TASK DESCRIPTION.
Take from the entries below the stretch from the line with "XW2Z-200S-VH Programming Cable" through the line with "DOWNHILL SOLID WHITE HELMET", and return it exactly, leaving the pictures out.

EXCERPTED DATA.
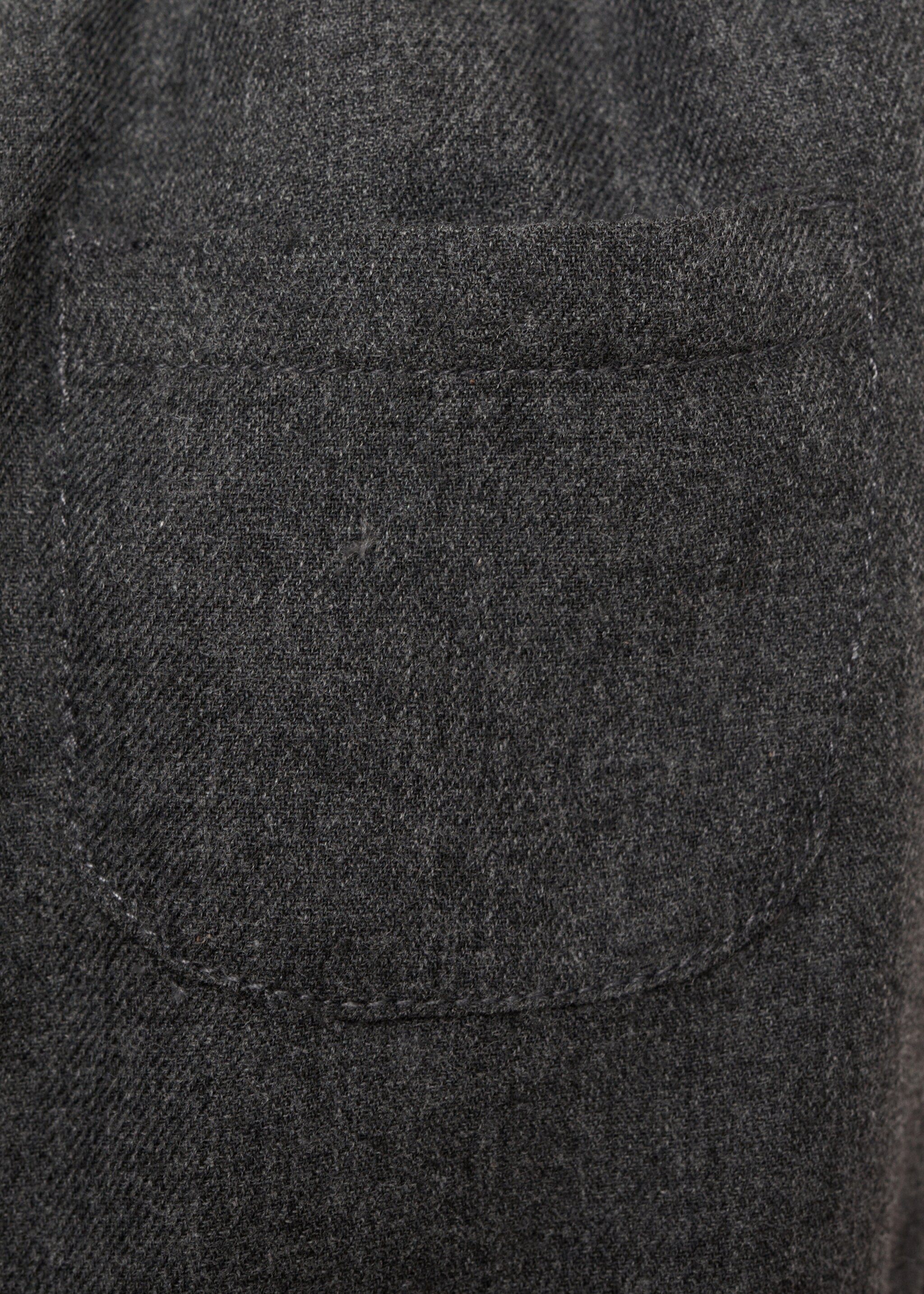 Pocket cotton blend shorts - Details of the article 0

---

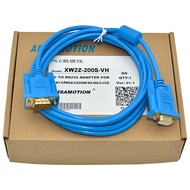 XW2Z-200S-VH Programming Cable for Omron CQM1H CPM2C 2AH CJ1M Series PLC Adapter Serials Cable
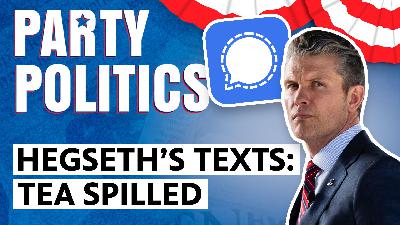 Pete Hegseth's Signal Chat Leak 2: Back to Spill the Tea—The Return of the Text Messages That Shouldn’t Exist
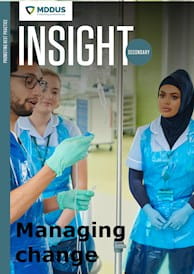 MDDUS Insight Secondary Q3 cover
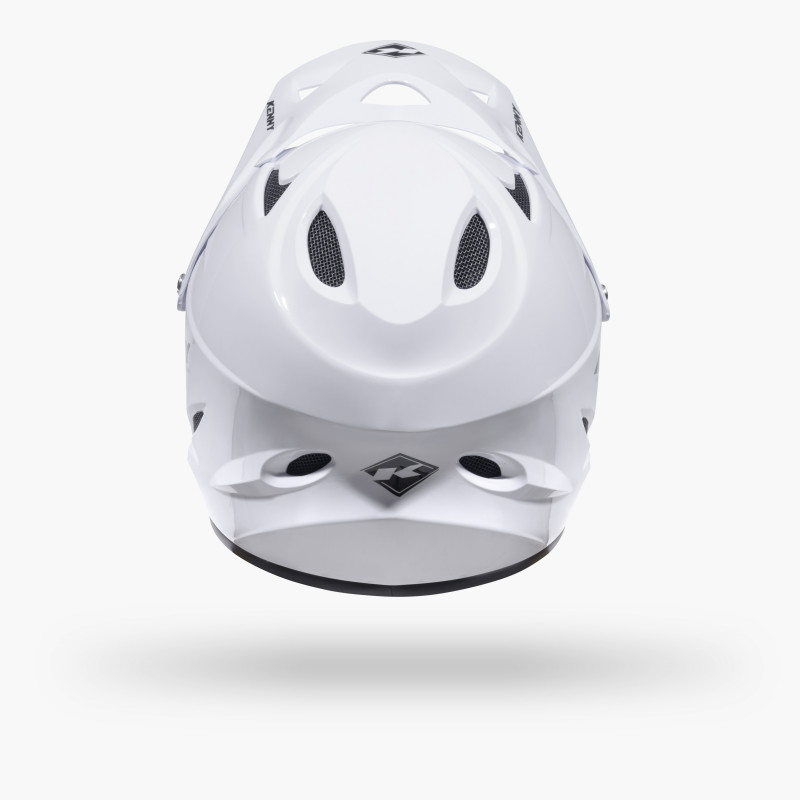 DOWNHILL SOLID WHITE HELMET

---

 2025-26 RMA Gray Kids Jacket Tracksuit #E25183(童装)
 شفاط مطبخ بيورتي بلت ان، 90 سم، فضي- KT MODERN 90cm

REPLY TO THE EXERCISE.
 XW2Z-200S-VH Programming Cable for Omron CQM1H CPM2C 2AH CJ1M Series PLC Adapter Serials Cable
 Pete Hegseth's Signal Chat Leak 2: Back to Spill the Tea—The Return of the Text Messages That Shouldn’t Exist
 MDDUS Insight Secondary Q3 cover
 DOWNHILL SOLID WHITE HELMET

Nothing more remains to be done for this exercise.